Python Modules
train_model.py
This module defines classes for training models on various types of outcomes (binary and count-based) using logistic regression and negative binomial regression. These classes are integrated into the pipeline for training and evaluation.
OutcomeModel
- class OutcomeModel(data, target_column, seed=None)
Base class for modeling an outcome from a dataset.
- Parameters:
data (pandas.DataFrame) – The input dataset.
target_column (str) – The name of the column to predict.
seed (int, optional) – Random seed for reproducibility.
- train()
Placeholder method to train a model.
- evaluate()
Placeholder method to evaluate a model.
LogisticModel
- class LogisticModel(data, target_column, Cs=[1.0], seed=None)
Logistic regression model with L1 regularization for feature selection.
- Parameters:
data (pandas.DataFrame) – The input dataset.
target_column (str) – The name of the target column.
Cs (list) – List of inverse regularization strengths.
seed (int, optional) – Random seed.
- feature_selection_and_model_fitting()
Perform feature selection using L1 regularization and fit logistic regression model.
- find_best_threshold()
Determine the optimal classification threshold based on the proportion of positive outcomes.
- train()
Train the logistic regression model.
- evaluateOverallTest()
Evaluate the model on the overall test set.
- evaluate()
Evaluate the logistic model using chosen performance metrics.
- _evaluateOnValidation()
Internal method to evaluate performance on a validation split.
- _countDemographic()
Count demographic group membership for fairness evaluation.
NegativeBinomialModel
CoxProportionalHazard
- class CoxProportionalHazard(data, target_column, seed=None)
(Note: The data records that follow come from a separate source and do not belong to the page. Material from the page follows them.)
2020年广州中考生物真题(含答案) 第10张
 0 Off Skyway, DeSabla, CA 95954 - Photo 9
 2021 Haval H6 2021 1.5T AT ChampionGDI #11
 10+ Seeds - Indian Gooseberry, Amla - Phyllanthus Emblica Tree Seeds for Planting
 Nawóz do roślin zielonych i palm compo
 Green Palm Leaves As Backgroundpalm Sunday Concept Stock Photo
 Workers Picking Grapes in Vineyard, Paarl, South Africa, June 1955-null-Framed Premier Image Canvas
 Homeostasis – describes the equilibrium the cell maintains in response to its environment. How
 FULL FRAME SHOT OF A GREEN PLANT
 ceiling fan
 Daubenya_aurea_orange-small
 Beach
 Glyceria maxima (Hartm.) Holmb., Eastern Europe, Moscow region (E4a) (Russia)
Cox Proportional Hazards model for time-to-event (survival) analysis using the lifelines package.
- Parameters:
data (pandas.DataFrame) – Input dataset containing features and event/time columns.
target_column (list of str) – List with two elements: [duration_column, event_column].
seed (int, optional) – Random seed for reproducibility.
- train()
Fit a Cox Proportional Hazards model using lifelines’ CoxPHFitter.
- predict()
Return model predictions (placeholder — not implemented in full).
- _evaluateOnValidation(X, y, id)
Evaluate model on the validation set using Concordance Index.
- selectFeatures()
Use Lasso-based feature selection for survival outcomes.
BetaRegression
- class BetaRegression(data, target_column, seed=None)
Beta regression model for modeling outcomes constrained between 0 and 1, using statsmodels.
- Parameters:
data (pandas.DataFrame) – The input dataset with features and the beta-distributed target.
target_column (str) – The name of the outcome column to predict.
seed (int, optional) – Random seed.
- train()
Fit a Beta regression model using statsmodels.othermod.betareg.BetaModel.
- predict()
Return model predictions (placeholder — not implemented in full).
- _evaluateOnValidation(X, y, id)
Evaluate model performance using MSE, MAE, RMSE, Pearson R, and McFadden R².
- selectFeatures()
Perform Lasso-based feature selection for beta regression.
create_demodf_knn.py
This module provides tools for creating balanced demographic datasets using propensity score matching and data splitting techniques. It supports both Python-based (PsmPy) and R-based (MatchIt) methods for matching.
- holdOutTestData(df, id_column, testCount=100, columnToSplit='RaceEth', majorityValue=1, percentMajority=58, seed=42)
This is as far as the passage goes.